Moscow has dramatically increased the number of divisions and brigades in its Armed Forces even as it has reduced the total size of its uniformed personnel. The result, independent Russian military analyst Aleksandr Golts says, is the return of the “paper divisions” that were characteristic of the last years of the Soviet Union (Openmedia.io, December 20, 2018). In such Soviet units, officers were in place but not the enlisted men who would have the experience and unit cohesion to make the military an effective fighting force. Now, Golts continues, the situation is even worse because junior officers will be forced to work de facto as non-coms (non-commissioned officers) and soldiers will not have the opportunity to master increasingly high-tech weapons systems.
By the end of 2019, Moscow will have formed 40 new brigades and divisions while cutting the size of its military. Thereby, the kind of “paper divisions” that plagued the authorities in the past—units that sound impressive but in fact are hollow shells incapable of performing their tasks—are being created yet again, the analyst says. The reason this is happening, the military observer argues, is that Russia has entered a new cold war against the United States, whose military budget is almost 20 times the size of Russia’s. As a result, Moscow has no possibility of responding except by creating these “paper” units.
At the end-of-the-year meeting of the defense ministry collegium, a session that Vladimir Putin attended as the supreme commander, Russian efforts looked impressive: the military announced it had formed ten new brigades and divisions this year and plans to form another 11 in 2019, bringing the total of new units created since 2014 to about 40 (Mil.ru, December 18, 2018). But despite the formation of these new units, Golts points out, the size of the Russian Armed Forces “not only has not grown but is declining.” Since 2015, the number of professional soldiers has not increased; and the size of the draft quota in 2018 compared to the previous year was smaller by 14,000 men (Openmedia.io, December 20, 2018).
Like in Soviet times, these new units are being staffed by officers. “Such regiments and divisions formed 80 percent of the Russian army before the [former defense minister Anatoly] Serdyukov reforms; and they were absolutely incapable of performing their mission,” as anyone could see from the Chechen wars and the military conflict with Georgia. Despite that failed past, “now ‘paper divisions’ evidently are returning. And with them low military preparedness,” Golts continues.

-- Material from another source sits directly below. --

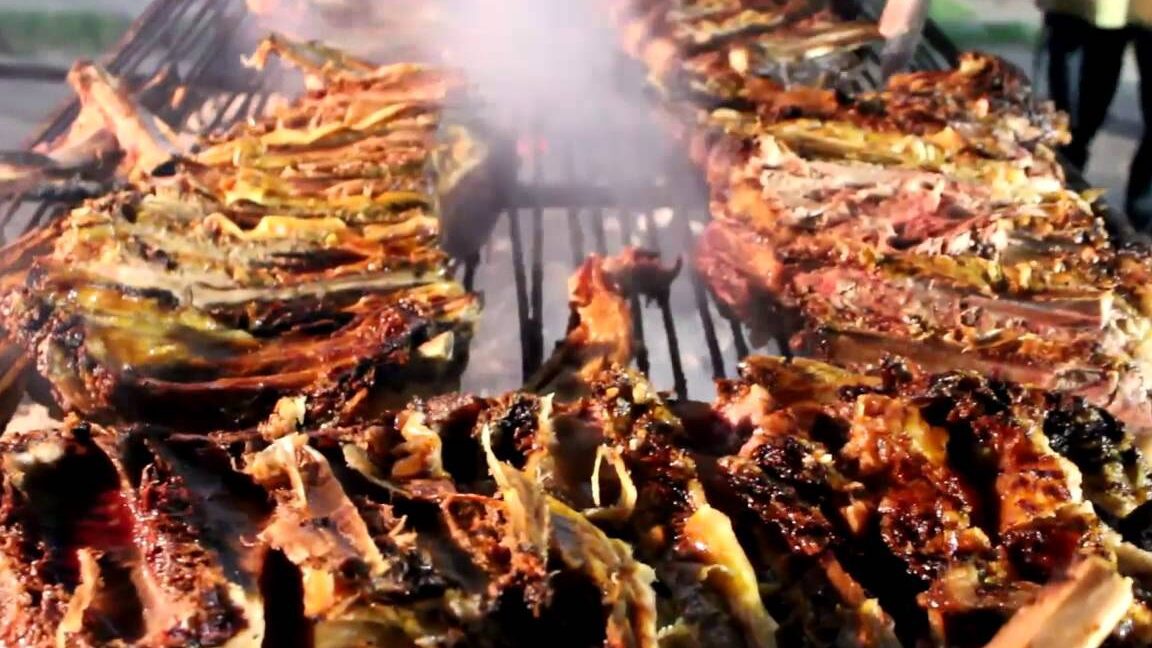 imagen de un asado criollo argentino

But that is hardly the only problem that the December meeting called attention to. Defense Minister Sergei Shoigu spoke about having met all his plans for rearming the military. But a comparison of his promises from a year ago with what he is saying now shows that this has not happened. “In 2018,” Golts says, “the forces were supposed to receive 203 planes and helicopters.” In fact, they obtained 126. Long-range aviation was supposed to acquire six new planes; it received five. The navy was supposed to gain 35 new ships; it took possession of only 25. Promised refittings were delayed. And so, “in the best case,” the Russian military fulfilled only about 70 percent of its goals.
These shortcomings are probably why Putin and Shoigu are holding such high-level meetings so frequently: they cannot count on the system to meet its goals and so are moving to take direct hands-on control of the situation. But they, too, appear to be under some illusions about what is possible given budgets. And they still regularly talk about developing “miracle” weapons.

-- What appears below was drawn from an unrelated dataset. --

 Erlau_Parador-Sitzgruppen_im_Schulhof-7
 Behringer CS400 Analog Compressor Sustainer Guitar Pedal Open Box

Golts points out that “the leader of the state is not required to know everything, but someone has told him some obvious nonsense.” The Kremlin leader appears to think that the United States wants out of the short- and intermediate-range missile restrictions—imposed by the bilateral Intermediate-Range Nuclear Forces (INF) Treaty—because of cruise missiles on ships and planes. However, that simply is not true. Rather, the US is concerned about Russia’s land-based 9M729 Novator system. Moscow has put more of them into operation because it is “much cheaper” to install land-based rather than air- or sea-based ones (Openmedia.io, December 20, 2018). Putin’s remarks about the INF during last month’s defense ministry collegium represent a confirmation of US charges rather than a refutation (TASS, December 18, 2018).
This meeting of the defense ministry collegium was clearly intended to give Russians “the certainty that their security is under reliable protection. I fear,” Golts concludes, that “for an attentive reader, the effect produced is just the opposite” (Openmedia.io, December 20, 2018).

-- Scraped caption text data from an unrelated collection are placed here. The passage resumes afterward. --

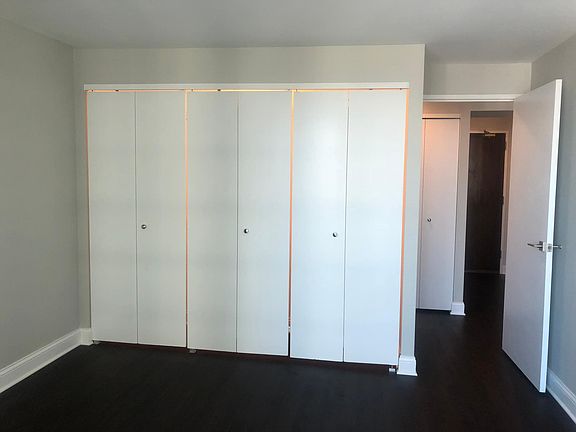 4th image of 195 N Harbor Dr #5807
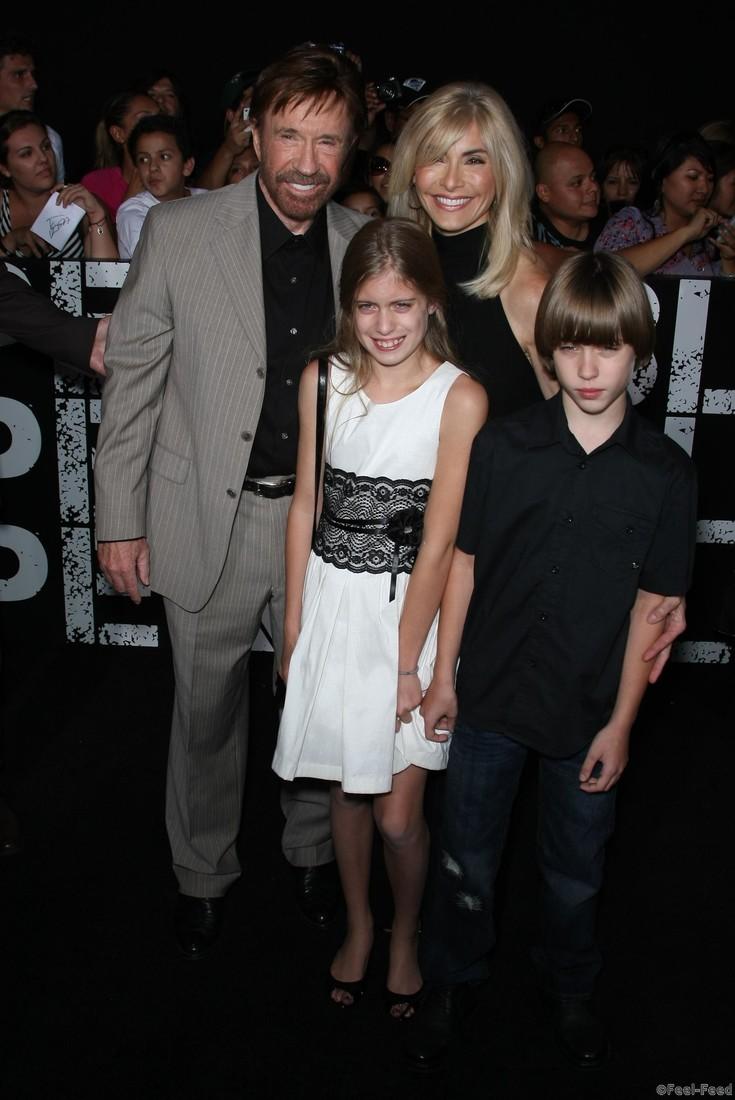 August 15, 2012: Chuck Norris and Gena O'Kelly attend the LA film premiere of 'The Expendables 2' in Los Angeles, California. Mandatory Credit: INFphoto.com Ref.: infukyo-01/whitby boot |sp|NO UK, NO GERMANY.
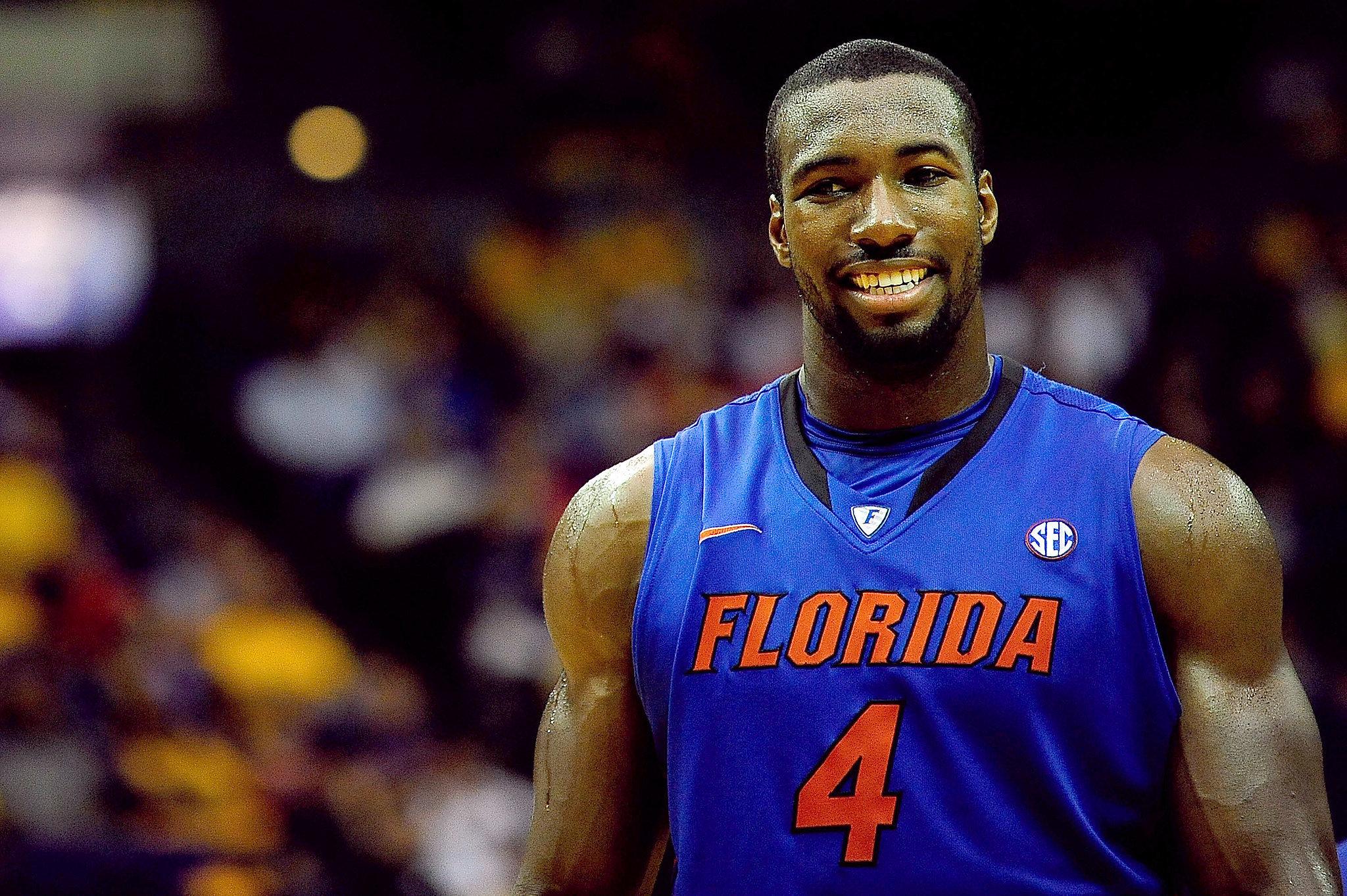 Happy 23rd birthday to the one and only Patric Young! Congratulations!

All that said, one should not conclude that the creation of these new and under-equipped paper divisions will make the Russian military wholly ineffective—particularly not against forces of some of Russia’s smaller neighboring countries. But it is important to underscore that those who take Russian propaganda about its military buildup at face value are deceiving themselves—which is exactly what the Kremlin hopes for. The new hollowness of the Russian Armed Forces should encourage observers in the West to similarly question the hollowness of other Moscow claims, instead of falling into the trap that Putin and Shoigu have laid for them.